Sundial Growers (NASDAQ:SNDL) is a Canadian cannabis company that is fast running out of cash unless sales and cash flow turn around soon. SNDL stock is a penny stock listed on NASDAQ with lots of risks. Serious investors should avoid this stock like the plague.
You can see the problems that Sundial is facing first by just looking at its recent chart. For example, at the end of last year SNDL stock ended at $3.01 per share but now it trades for just 33 cents.
That represents a drop of 90% for the year-to-date. In addition, the stock is down slightly over 90% over the past year.
Most of this is because the company has been posting miserable sales, earnings, and cash flow reports.
You know there is a problem when a company does not report its year-over-year sales, but instead its consecutive quarterly sales. For example, in its announcement on Nov. 11 reported Q3 earnings, Sundial said 12.9 million Canadian dollars ($9.88 million), a decrease of 36% over the second quarter.
However, in reality, its Q3 2019 sales from a year ago were $CA28 million. This means that the Q3 2020 sales of $CA12.9 million fell 54% from a year ago. This can only be found by reading the company’s financial statements which were listed in a separate release.
In other words, the company sort of wanted to hide this by saying that the quarter-over-quarter sales were just 36% lower. Of course, in both cases, this is a miserable situation.
However, the nine months sales for the company were down just 3.6% year-over-year. That is because Q2 sales were up 4.6% year-over-year, and also up 44% quarter-over-quarter.
More importantly, though, from a free cash flow (FCF) standpoint, the company is continuing to bleed cash. For example, the company’s Q3 financial statements show that Sundial had an outflow of $CA21.8 million for the quarter. This is the amount of cash flow from operations and cash flow used in investing activities.
Cash Balance and Capital Raise
This cannot keep up for very much longer. For example, at the end of Q2, the company had just $CA26.9 million in cash resources. So during Q3, it raised a net amount of $CA21.445 million through a share and warrants sale in U.S. dollars.
The problem is Sundial is basically back at where it was at the end of Q2. It now has just $CA26.3 million in cash.

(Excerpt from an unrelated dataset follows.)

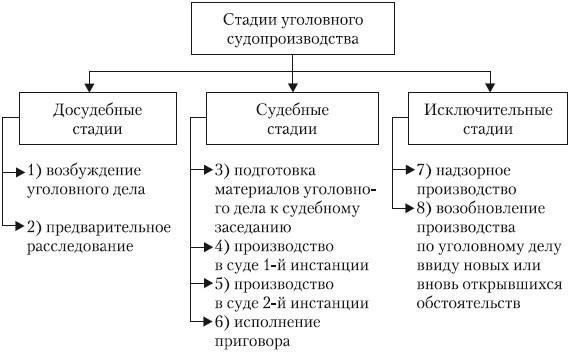 Ключевые соображения для начала судебного процесса до истечения срока ответа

Therefore if the company burns through another $CA22 million during Q3, it will effectively be out of cash. As a result, expect to see another highly dilutive capital raise or debt issuance sometime before the end of 2020.
This is why SNDL stock is down so much. You can’t fool the market. Unless some kind of massive sales turnaround is happening now, the company will be forced to issue more shares, sell some assets, borrow money or close up shop.
That is why penny stocks like Sundial are so risky. The company has no real good options.
What To Do With SNDL Stock
This is a death spiral situation unless sales and cash flow start to immediately turn around. The more capital it tries to raise the lower the stock price will fall.
I suspect that the company is counting on some of its warrant holders to exercise their warrants, thereby providing cash to the company. But this will still have a dilutive effect on the stock price. Moreover, the lower the price falls, the less incentive there is for warrant holders to pony up cash and exercise their warrants to buy stock.
Most of the decline in the past quarter or so was from lower demand rather than lower cannabis prices. A lot of that is likely due to the Covid-19 pandemic.
The problem is an inflection point in demand has not likely yet already been reached. I suspect that won’t happen until sometime next year.
So, good luck Sundial Growers, and good luck existing SNDL stock owners. If you think this is a bargain price, the odds are likely not good though. I would avoid SNDL stock for the time being until its liquidity and cash flow outlook becomes clearer.
On the date of publication, Mark R. Hake did not have (either directly or indirectly) any positions in any of the securities mentioned in this article.